A new attempt at bolstering reproducibility in the sciences has shown rates nearing perfect success when labs adopt a range of quality-enhancing tactics such as preregistration, large sample sizes, material-sharing and self-checks.
The assessment, published in Nature Human Behaviour, involved five years of work at four laboratories – at the University of California campuses at Berkeley and Santa Barbara, Stanford University and the University of Virginia – that conduct social-behavioural research.
Overall, the attempts at replication by a different lab produced an average of 97 per cent of the size of original findings, compared with typical replication results of about 50 per cent.
“This demonstrates that low replicability is not inevitable,” said a co-author, Brian Nosek, a professor of psychology at the University of Virginia who is also the co-founder and director of the Centre for Open Science.
The finding is especially significant, Professor Nosek said, because it came in the realm of social-behavioural sciences, where studies involve phenomena that can be more complex and difficult to define than is common in other scientific fields.
The Centre for Open Science is a decade-old effort to encourage cooperation and sharing across scientific fields. As part of that mission, it regularly sponsors tests of research reproducibility, to publicise historically low levels of outside replication of scientific findings and to help identify ways of improving the situation.
Some leading strategies in that direction include requirements for researchers to preregister their work – meaning a public declaration in advance of what question or questions they expect a particular study to answer, to prevent subsequent efforts to attach importance to unexpected outcomes that may have randomly appeared in their data.
Other practices seen as improving research reliability include the use of relatively large sample sizes, to reduce the chances of claims based on random fluctuations in data; attempts at self-replication of findings; and various improvements in the transparency of scientific processes, including the open sharing of all data, descriptions of methods and the actual materials used in a study.
The value of such methods is often presumed, Professor Nosek said. Yet his team pursued its study of them with the understanding that those practices still needed more thorough examination of their effectiveness, especially when used in combinations of such methods, he said.
Over five years, the four participating labs conducted their typical body of research, in such fields as psychology, marketing, advertising, political science, communication, and judgement and decision-making.
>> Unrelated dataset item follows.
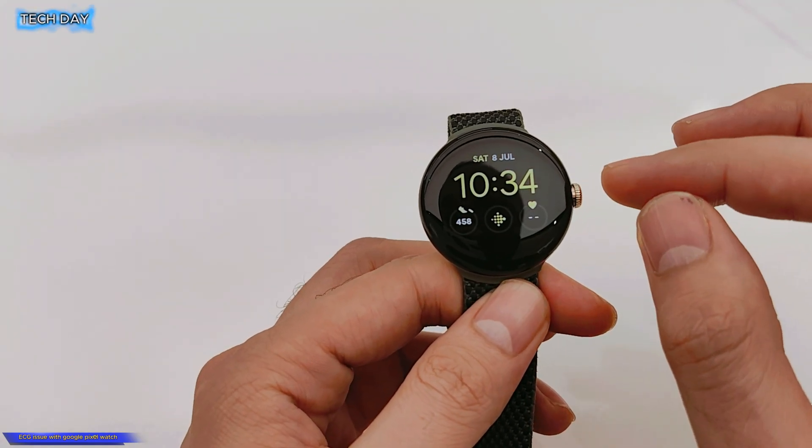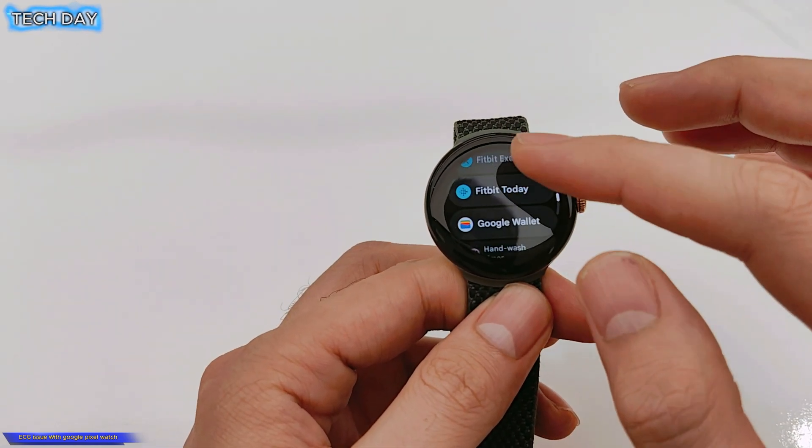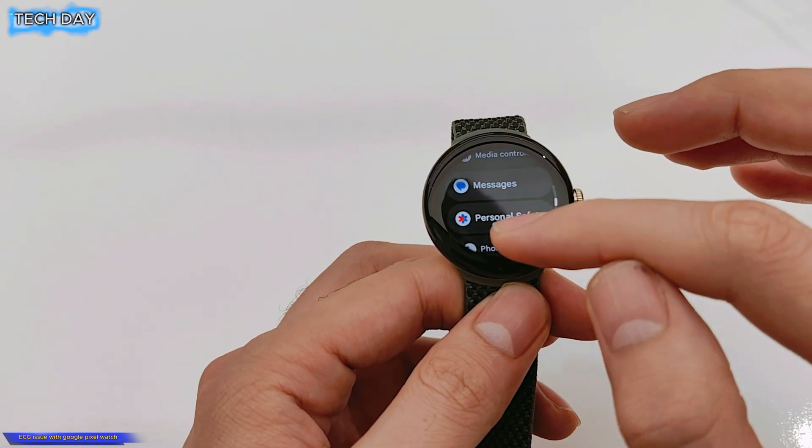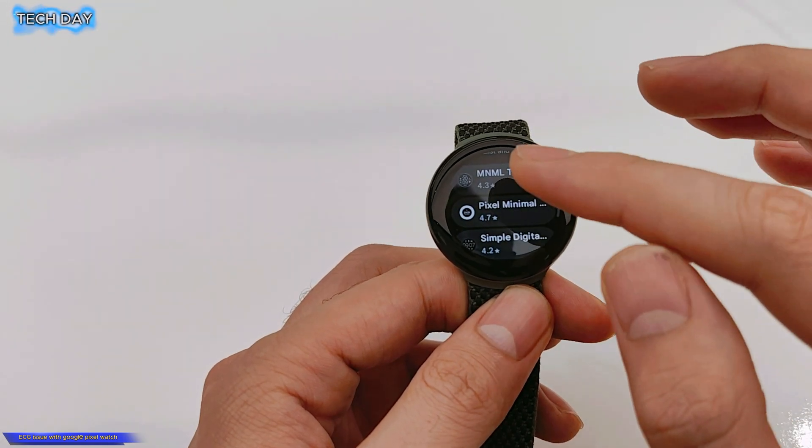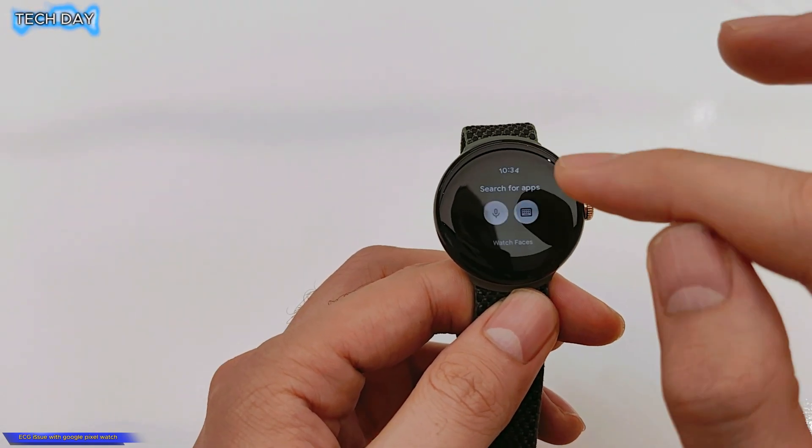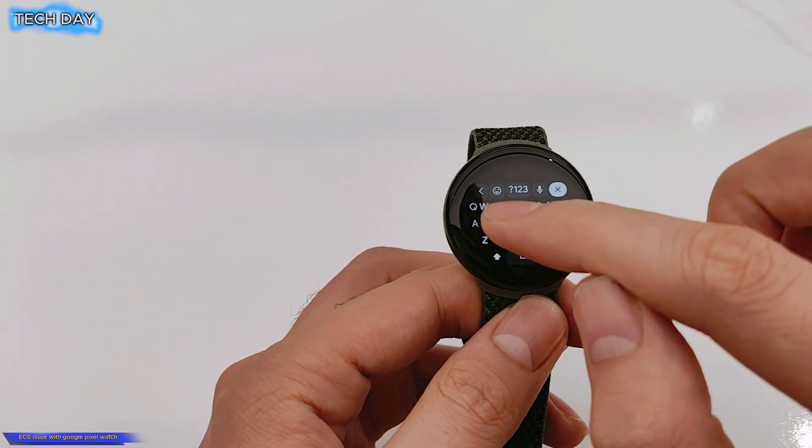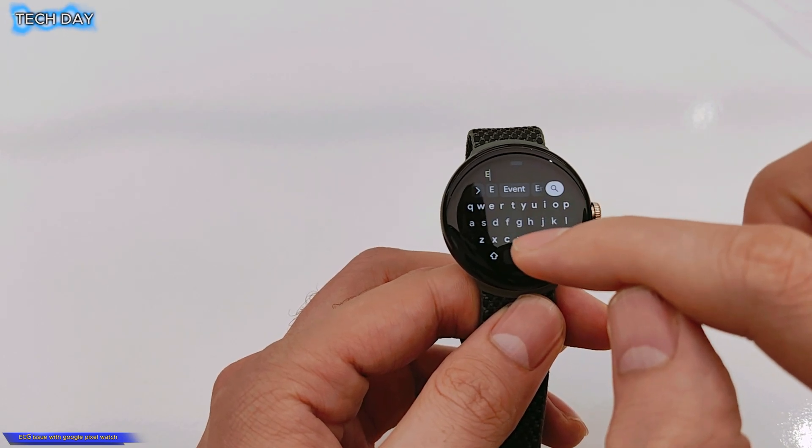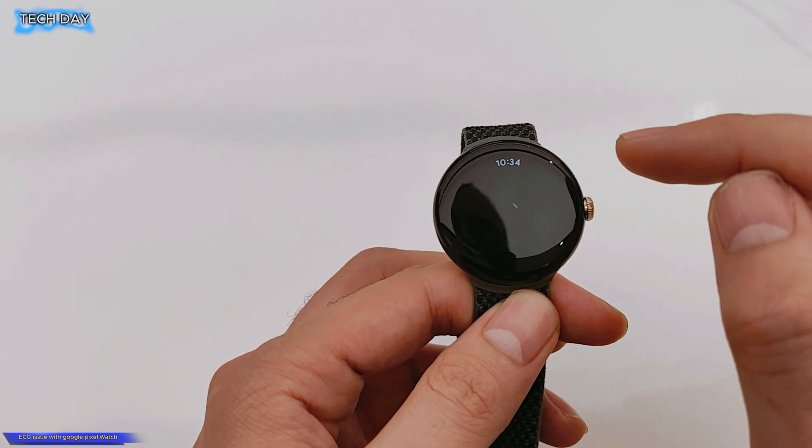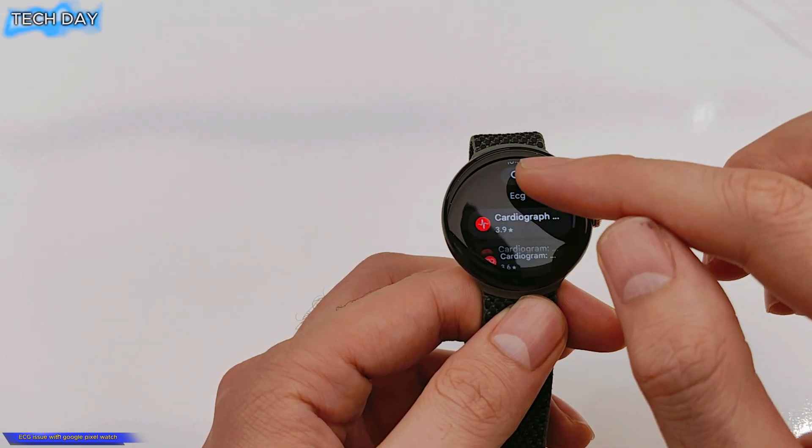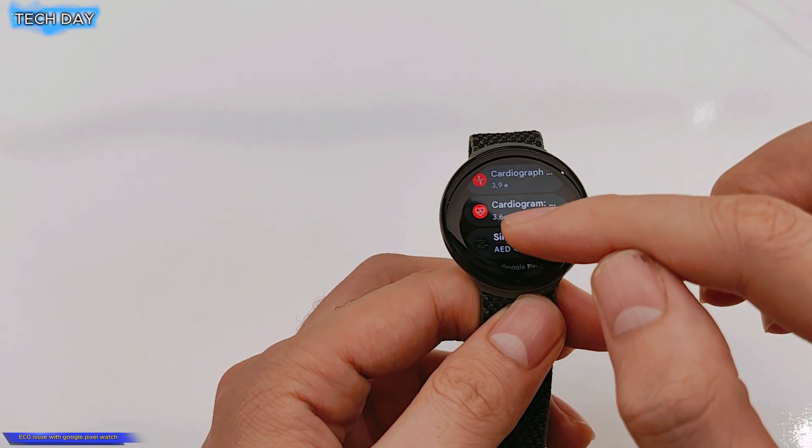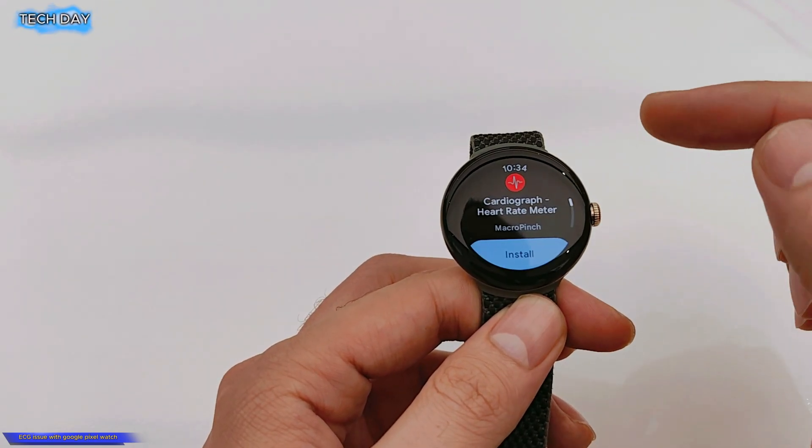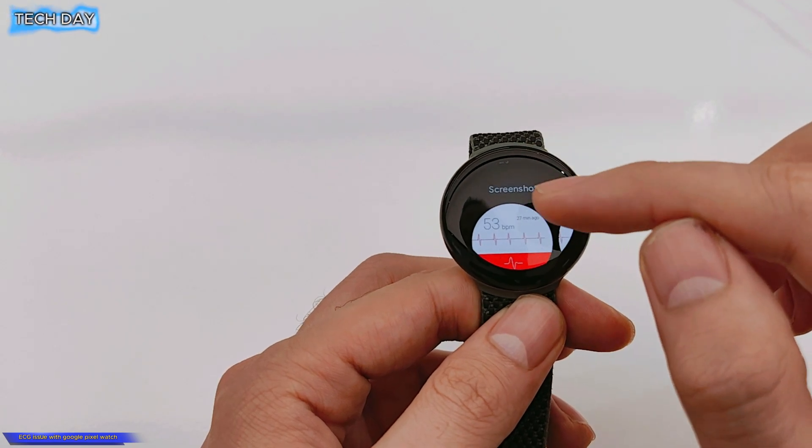Okay, I have faced this issue even if I search the ECG Fitbit I cannot find it. So like you can see it's not coming, this is a different application, this is not the same one.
Each of the four labs then submitted reports on four discoveries, made their own attempts at self-confirmation and tried to replicate the reports from each of the other three participating institutions.
Overall, Professor Nosek’s team found that 86 per cent of the outside replication efforts produced statistically significant affirmations of the studies that they were trying to repeat. And in some of those instances, statistically significant confirmation was not even possible due to sample sizes in the replication effort, he said. On average, he said, the replication attempts found 97 per cent of the effect size reported in the original studies.
Professor Nosek’s co-authors represented the four institutions with participating labs plus Central Connecticut State University, the University of Wisconsin at Madison, Georgetown University, Washington University in St Louis, the University of South Carolina, McGill University, the University of Gothenburg and the Phenoscience Laboratories in Berlin.